HC3 Technologies, a joint venture between Huawei Technologies and 3Com, developed two switches that were in place on the Los Alamos network, but have since been pulled according to a November 5 internal memo obtained by Reuters, due to security concerns.
These concerns are likely the same ones expressed by the House Armed Services Committee, which urged that U.S. agencies (including the Department of Energy, which oversees Los Alamos) avoid using technologies developed by Huawei or ZTE Corp over fear that they may have backdoors that expose critical infrastructure.
Last October, a report by the House Intelligence Committee said the two Chinese firms “cannot be trusted” to be free of influence from the PLA, and by proxy the CPC (Communist Party of China) as a whole. There has been tremendous concern by Washington that Huawei’s ties to China’s government and military make them an automatic national security risk, fears that Huawei says translate into China-bashing.
After the October report was released, William Plummer, a US spokesman for Huawei said during an open conference call with reporters that it was “utterly lacking in substance.”
“Huawei unequivocally denies the allegations in the report. [It] utterly ignores these facts and dismisses 10 months of open information sharing,” he said, adding that it was“…little more than an exercise in China-bashing and misguided protectionism.”
In response to Tuesday’s disclosure on the changes made at Los Alamos, Plummer told Reuters that the move was reckless.

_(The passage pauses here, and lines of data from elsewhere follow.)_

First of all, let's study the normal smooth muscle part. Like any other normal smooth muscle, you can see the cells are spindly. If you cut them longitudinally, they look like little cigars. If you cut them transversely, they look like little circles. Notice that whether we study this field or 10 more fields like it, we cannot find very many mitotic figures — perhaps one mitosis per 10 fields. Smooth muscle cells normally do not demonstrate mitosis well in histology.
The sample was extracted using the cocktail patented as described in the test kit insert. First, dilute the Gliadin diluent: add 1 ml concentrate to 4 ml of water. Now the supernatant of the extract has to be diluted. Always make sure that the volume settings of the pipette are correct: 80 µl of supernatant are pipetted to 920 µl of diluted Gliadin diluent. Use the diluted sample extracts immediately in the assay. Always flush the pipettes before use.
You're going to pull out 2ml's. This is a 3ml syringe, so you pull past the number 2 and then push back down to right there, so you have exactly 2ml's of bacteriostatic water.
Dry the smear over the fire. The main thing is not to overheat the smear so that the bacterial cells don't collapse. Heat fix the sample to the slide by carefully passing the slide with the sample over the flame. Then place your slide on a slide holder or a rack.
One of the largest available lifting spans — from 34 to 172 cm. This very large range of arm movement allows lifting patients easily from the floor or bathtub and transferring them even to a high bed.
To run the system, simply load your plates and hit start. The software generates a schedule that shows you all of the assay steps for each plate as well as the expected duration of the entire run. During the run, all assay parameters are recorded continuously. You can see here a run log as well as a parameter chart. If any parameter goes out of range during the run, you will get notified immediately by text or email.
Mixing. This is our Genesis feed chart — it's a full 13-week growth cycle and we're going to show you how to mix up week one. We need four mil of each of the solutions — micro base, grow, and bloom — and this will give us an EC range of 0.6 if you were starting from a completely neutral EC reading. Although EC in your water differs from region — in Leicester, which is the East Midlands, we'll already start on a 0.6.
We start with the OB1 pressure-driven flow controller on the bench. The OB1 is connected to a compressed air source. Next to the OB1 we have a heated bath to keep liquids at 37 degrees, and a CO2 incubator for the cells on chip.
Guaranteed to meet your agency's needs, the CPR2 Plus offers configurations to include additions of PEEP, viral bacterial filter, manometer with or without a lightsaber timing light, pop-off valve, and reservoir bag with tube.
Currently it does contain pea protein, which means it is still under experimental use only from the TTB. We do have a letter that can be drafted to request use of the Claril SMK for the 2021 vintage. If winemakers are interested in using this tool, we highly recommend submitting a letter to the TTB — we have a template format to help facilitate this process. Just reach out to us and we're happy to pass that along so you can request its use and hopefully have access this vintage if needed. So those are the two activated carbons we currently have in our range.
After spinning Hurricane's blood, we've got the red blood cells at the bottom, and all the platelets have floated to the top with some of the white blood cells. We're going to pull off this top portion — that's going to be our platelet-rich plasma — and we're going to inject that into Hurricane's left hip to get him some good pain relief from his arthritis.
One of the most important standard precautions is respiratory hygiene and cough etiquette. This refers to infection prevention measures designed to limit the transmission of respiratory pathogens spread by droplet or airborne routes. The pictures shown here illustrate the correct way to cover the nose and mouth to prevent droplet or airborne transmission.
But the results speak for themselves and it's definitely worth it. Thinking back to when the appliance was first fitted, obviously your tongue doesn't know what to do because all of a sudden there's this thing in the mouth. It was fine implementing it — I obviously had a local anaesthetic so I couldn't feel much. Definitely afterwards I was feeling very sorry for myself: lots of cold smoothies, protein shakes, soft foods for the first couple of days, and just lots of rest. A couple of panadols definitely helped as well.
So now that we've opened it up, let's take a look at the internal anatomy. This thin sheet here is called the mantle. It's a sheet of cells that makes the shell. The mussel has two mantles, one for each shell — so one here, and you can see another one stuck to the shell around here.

“There has never been a shred of substantive proof that Huawei gear is any less secure than that of our competitors, all of which rely on common global standards, supply chains, coding and manufacturing. Blackballing legitimate multinationals based on country of origin is reckless, both in terms of fostering a dangerously false sense of cyber-security and in threatening the free and fair global trading system that the U.S. has championed for the last 60-plus years.”